Der Wiederaufbau des Landes und die Sicherheitslage boten reichlich Spielraum für kostspielige Dienstleistungen. Firmen wie Kellogg, Brown & Root, Booz Allen Hamilton oder der weitaus bekanntere Konzern Halliburton erfreuten sich millionenschwerer Aufträge.11 Auch die Mitarbeiter von PMCs galten als maßlos überbezahlt, was vielleicht für die Anfangsphase des Krieges und für ehemalige Mitglieder von Spezialeinheiten durchaus gestimmt haben durfte. Dennoch stellten Studien des US Congressional Budget Office, des Center for Naval Analyses sowie dem Government Accountability Office bald klar, dass die oft kolportierte Überbezahlung sogenannter "Contractors" fernab der Realität waren. Branchenblätter wie das Serviam Magazine rechneten vor, dass die Bezahlung eines durchschnittlichen Mitarbeiters einer Sicherheitsfirma der eines Staff Sergeant entsprach.12 Aus dem Kalkül der Branche Kosten zu senken und damit den Gewinn zu maximieren, wurde laufend an allen Ecken und Enden gespart und mittels Drittstaatsangehörigen die Personalkosten weiter gedrückt. Die Kostenersparnis wurde jedoch selten weitergegeben. Jedoch hatten die im Irak und Afghanistan involvierten Staaten in Bezug auf Kosten ihre eigenen Beweggründe – und diese fielen vor allem in den Bereich der Politik.

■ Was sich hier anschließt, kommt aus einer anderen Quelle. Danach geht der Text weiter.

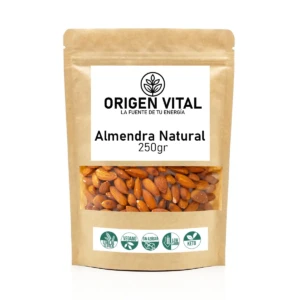 Almendras Natural 250gr Origen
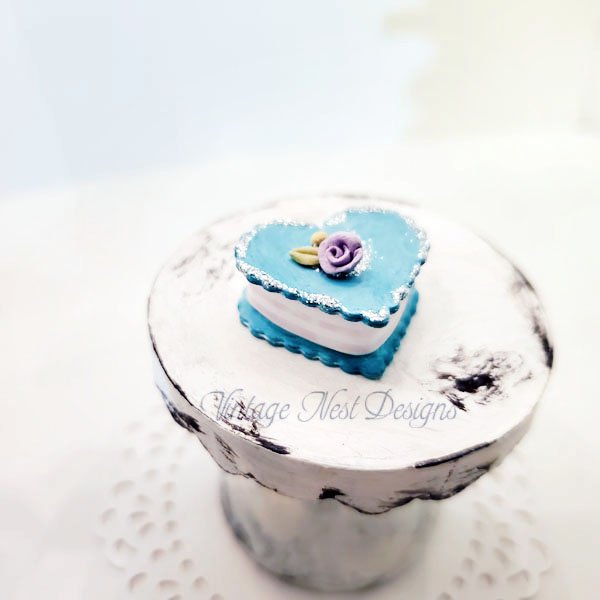 Valentine Sweetheart Box No.99 Dollhouse Miniature Handmade image 3
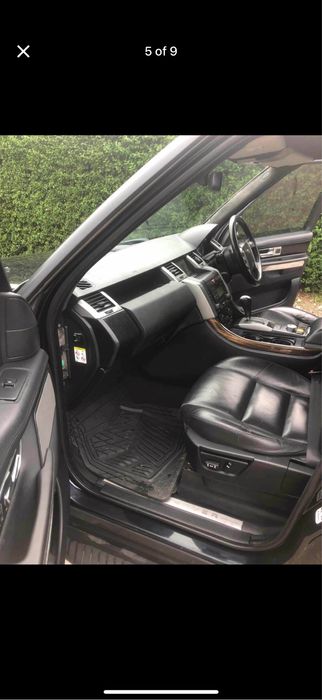 Range rover sport L320 na chasti!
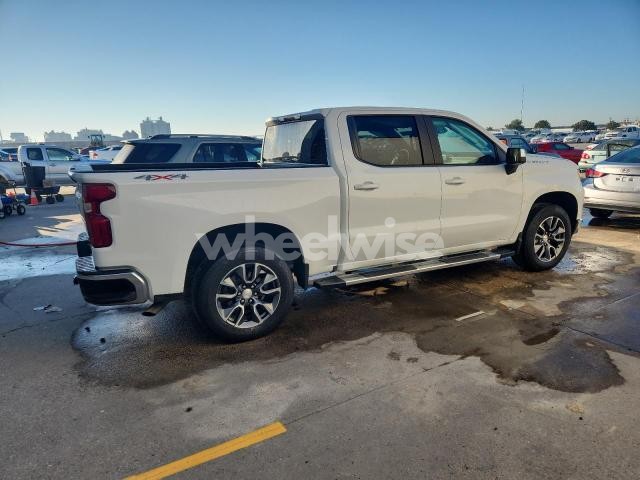 Photo 4 of 2023 CHEVROLET SILVERADO K1500 LT (VIN 3GCPDDEK4PG265806)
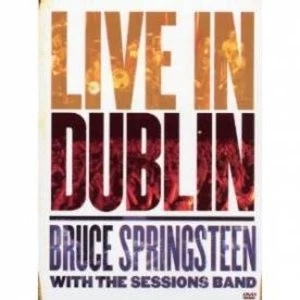 Image of Bruce Springsteen With The Sessions Band Live In Dublin DVD 2007 DVD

Die politischen Kosten – Die Branche rückt ins Rampenlicht

Von der Verwendung von PMCs bekam die Öffentlichkeit zunächst kaum etwas mit. Für die Bush-Administration war es jedenfalls eine Möglichkeit einen kleineren Fußabdruck zu wahren und Militärpersonal für Kampfhandlungen zu konzentrieren. Die Bilder getöteter amerikanischer Soldaten, die 1993 durch die Straßen Mogadischus gezerrt wurden, waren noch tief im kollektiven Gedächtnis. Man war also darauf erpicht, sowenig amerikanische Särge wie nur möglich in den Medien zu sehen. Da die Mitarbeiter von PMCs nicht in den Statistiken geführt wurden, waren somit auch die offiziellen Todeszahlen weitaus niedriger.

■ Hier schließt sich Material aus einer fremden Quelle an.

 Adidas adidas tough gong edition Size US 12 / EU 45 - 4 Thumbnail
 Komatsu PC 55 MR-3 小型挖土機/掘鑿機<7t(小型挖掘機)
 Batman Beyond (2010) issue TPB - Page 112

Für die Bush-Administration waren PMCs unter anderem Mittel zum Zweck, den Krieg besser zu verkaufen.
Foto: ERIC DRAPER / The White House / AFP

Doch genau solche Bilder rückten die PMC-Branche ins internationale Rampenlicht. Als nämlich im März 2004 vier Mitarbeiter der Firma Blackwater in Fallujah in einen Hinterhalt von Aufständischen getötet wurden, gingen die Bilder ihrer verstümmelten Körper, die von einer Brücke hingen, um die Welt. Schlagartig war nicht nur die PMC-Branche, sondern auch die Firma Blackwater selbst im Rampenlicht. Eine gezielte Auseinandersetzung mit der Thematik begann, der sich zuvor nur wenige Forschende widmeten, die bereits zur 2. Welle in den 1990er-Jahren geforscht hatten. Die Vergabe der Aufträge der Firmen, Aufgabenbereiche und vor allem die Missstände der Branche waren zunächst der Fokus. Zu Letzteren gab es reichlich Material. Angefangen von Videos die PMC-Mitarbeiter der Firma Aegis beim Beschießen von irakischen Fahrzeugen zeigen, oder Gefechtsaufnahmen von Blackwater Scharfschützen, die in Najaf von der schieren Masse an Aufständischen überrascht wurden und von einem "turkey shoot" sprachen. Ausgelöst durch die zunehmende Digitalisierung und leicht erwerbliche Aufnahmegeräte gab es eine Masse an Videomaterial aus dem Konfliktgebiet.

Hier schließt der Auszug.